Photo: Omar Al-Qattaa Agence France-Presse Displaced Palestinians gather in the courtyard of a Gaza City school hit by an Israeli strike that killed more than 93 people, August 10, 2024.

Agence France-Presse in Gaza

Posted at 10:03 a.m.

  • Middle East

The Civil Defense in the Gaza Strip, which is controlled by the Palestinian movement Hamas, said Saturday that 93 people had died in Israeli strikes on a school in Gaza City that the Israeli army said was serving as a command center for “terrorists.”

These strikes, the toll of which cannot be independently verified, are among the deadliest since the start of the war in Gaza, triggered by an unprecedented attack by Hamas on Israeli soil on October 7, according to data provided by the Islamist movement.

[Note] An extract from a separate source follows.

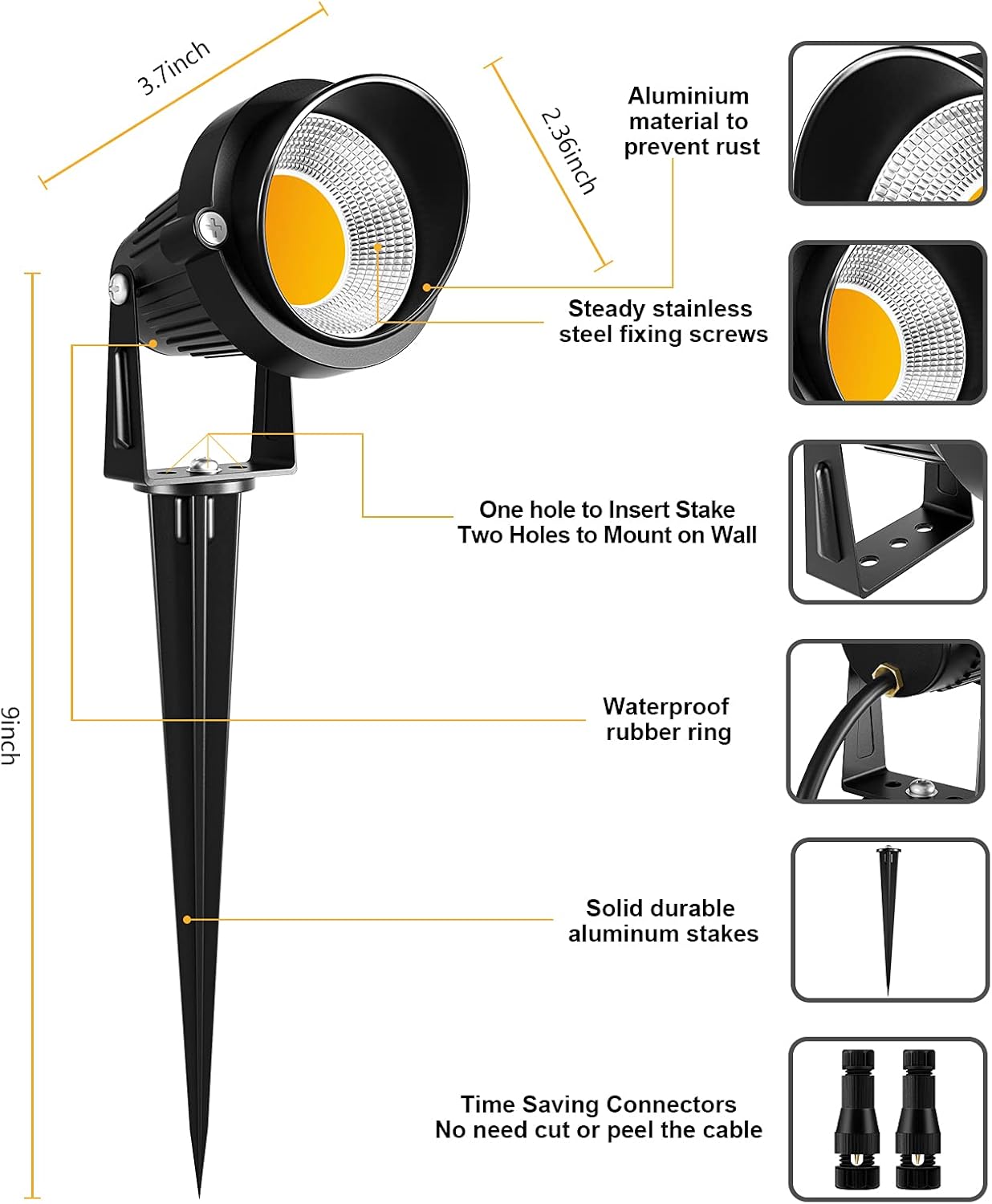 10W LED Landscape Lights with  - Outdoor Lighting Garden recensie en prijs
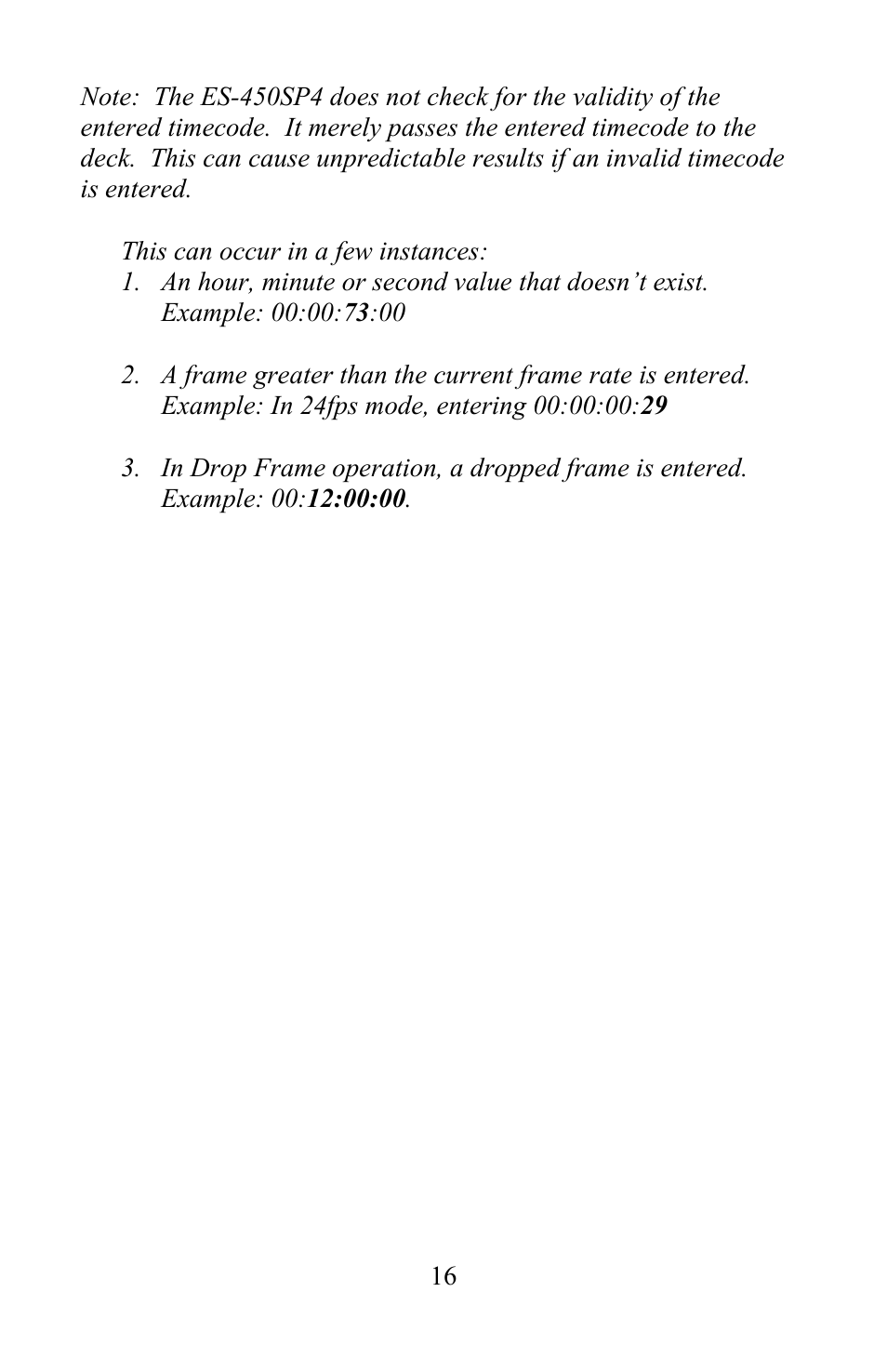 JLCooper ES-450SP4 User Manual | Page 16 / 19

Hamas denounced a “horrible crime” and a “dangerous escalation”, while Israel agreed on Friday to resume talks on a truce in the Gaza Strip on August 15 after an urgent appeal by mediating countries in the face of the risk of a flare-up between Iran and its allies on the one hand and Israel on the other.

Located in the center of Gaza City, the al-Tabi’een school struck on the night of Friday to Saturday was serving as a shelter for around 250 displaced people, the majority of whom were women and children, according to government media sources. of Hamas, in power in the Gaza Strip.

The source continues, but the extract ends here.